Various opinions Jorgen Schaefer (15 Jul 2005 19:06 UTC)
Re: Various opinions bear (16 Jul 2005 02:59 UTC)

Various opinions Jorgen Schaefer 15 Jul 2005 19:06 UTC

The topic of Unicode support in a language is very difficult. I'm not
sure the array of codepoints idea is the best solution, but I won't
question it in this mail (mainly because I don't have a better
proposal).

Integers and Codepoints
=======================
The SRFI defines the procedures CHAR->INTEGER and INTEGER->CHAR,
but also defines the return value to be a Unicode codepoint. So it
would be better to name them

  char->codepoint
  codepoint->char

instead.

The newline character
=====================
#\NEWLINE always has been a problem, because a new line is a
system-dependent sequence of octets. #\LINEFEED is the correct term.

We also have (newline), which is the right thing to do, so we can just
drop #\NEWLINE.

x, u and U
==========
The SRFI defines x, u and U for two-digit, four-digit and eight-digit
hexadecimal codepoints in character literals and in strings.

First of all, for character literals, this is unnecessary. It would be
much more elegant to have

   (char=? #\xA #\d10 #\o12 #\b1010)

analogous to

   (= #xA #d10 #o12 #b1010)

Introducing characters which mark fixed-width tokens in strings
strikes me as problematic as well. The obvious alternative is
using delimiters, as already proposed on this list. Delimiters
improve readability, and since using explicit codepoints in
strings is rare, the extra length is not a problem. It is also not
clear that hexadecimal encoding is always preferable. So I would
propose a delimiter which allows for different bases.

There are different approaches.

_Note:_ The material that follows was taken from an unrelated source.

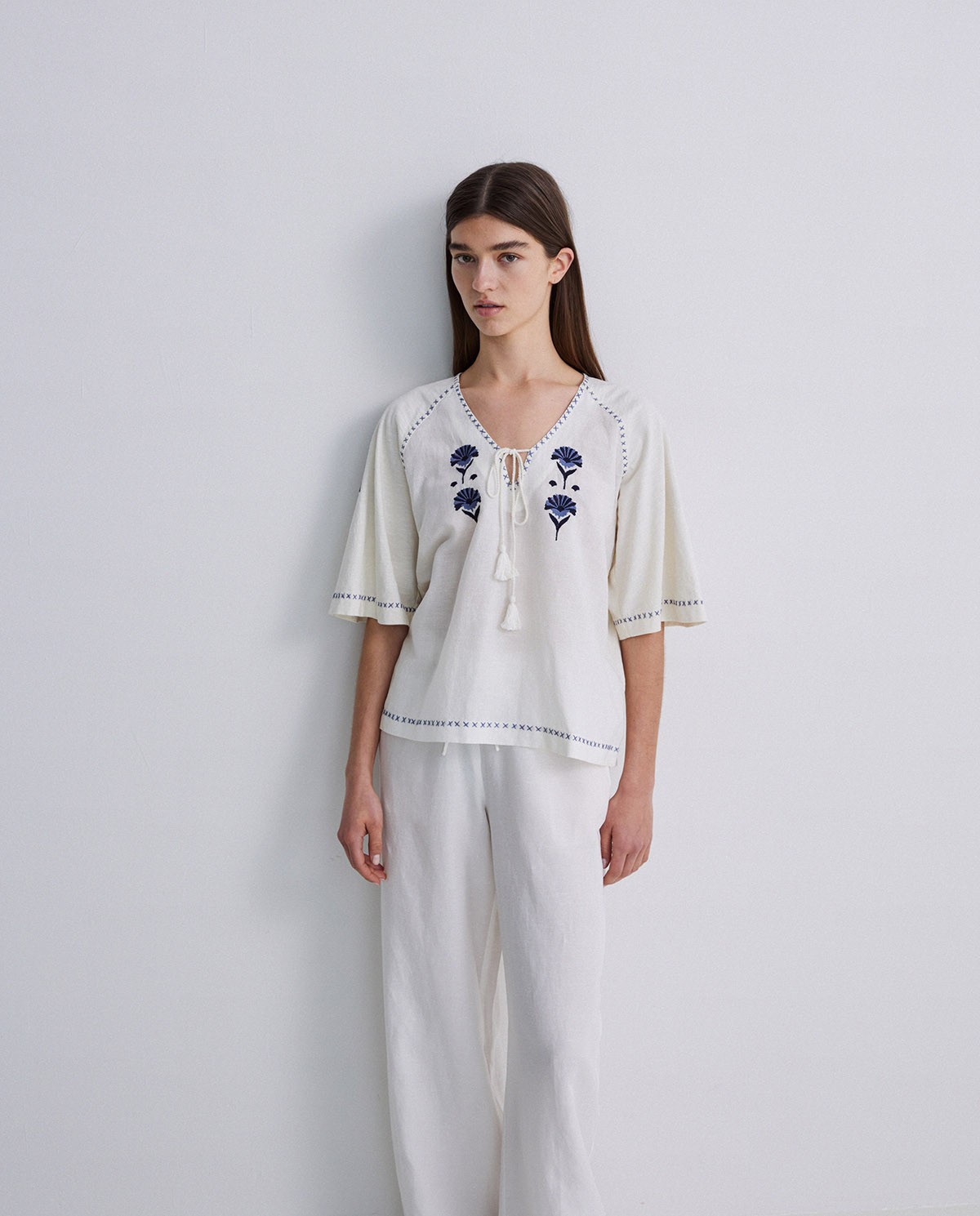 Blusa lino y algodón bordados florales crudo 1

The main goal is to make it readable.

    "A\(#x42)C"  - This is _very_ readable, though verbose
    "A\x42;C"
    "A\x42:C"    - This is also very readable
    "A\x42#C"
    "A\#x42#C"   - This provides some consistency

Analogous to the character syntax described above, the following could
be possible:

   (apply char=? (string->list "\xA:\d10:\o12:\b1010:")) => #t

Quoted Strings
==============
I'm a bit confused as to why we need all those character shorthands.

The rationale "it's what is provided in other places" doesn't sound
right. Specifically, I have never seen \b or \v in use.

I also wonder why \? and \' got added there - those are equivalent to
the characters without the backslash, and neither the question mark
nor the quote are ever used in a context where they have to be quoted.

Newlines in strings
===================
I like the \<newline><intraline-whitespace> syntax, as it allows for
correctly-indented strings.

I would dislike being prevented from using newlines in a string,
though, and I don't see a reason to do so.

Here Strings
============
The introduction of here strings poses a few problems. Allowing for
any character in the delimiter does not seem useful (except for the
Obfuscated Scheme Code Contest, of course :-)), so I would think it to
be the correct choice to limit the number of allowed characters.

For consistency, a symbol could be used there. After the delimiter,
only whitespace may follow until the newline.

This allows for here-strings to be normal tokens (instead of being
possibly split up over several tokens), and doesn't lend itself to
hiding errors as easily.

Case-Insensitivity
==================
Unicode defines case folding for case-insensitive comparisons. This
works by mapping characters to specific case-folded characters - not
necessarily upper-case or lower-case, but a special case-folded
version.

This allows, for example, the Greek sigma - which has two forms in the
lower-case variant - to match correctly, as well as the German eszett
to match with the double-s in uppercase form.

The procedures that deal with case insensitivity in this SRFI -
i.e. *-CI* - should use case folding, not downcasing.

Normalization
=============
This SRFI lacks a notion of normalization, which is important for any
kind of string comparison. I don't see an easy way to integrate this
besides providing STRING-NORMALIZE-NF{C,D,KC,KD}, though.

It's What Others Do
===================
The discussions in this thread seem to reiterate one argument from
time to time which I find problematic. The argument is "This Is What
Others Do", or even "This Is What People Coming From Other Languages
Expect".

Since when was that a good argument against a sensible solution in
Scheme?

I think it would be useful to stop pondering about how to copy
questionable design decisions from other languages, and try to find
good solutions - it wouldn't be the first time Scheme does something
no one else did, because it is the right thing to do.

Greetings,
        -- Jorgen

--
((email . "xxxxxx@forcix.cx") (www . "http://www.forcix.cx/")
 (gpg   . "1024D/028AF63C")   (irc . "nick forcer on IRCnet"))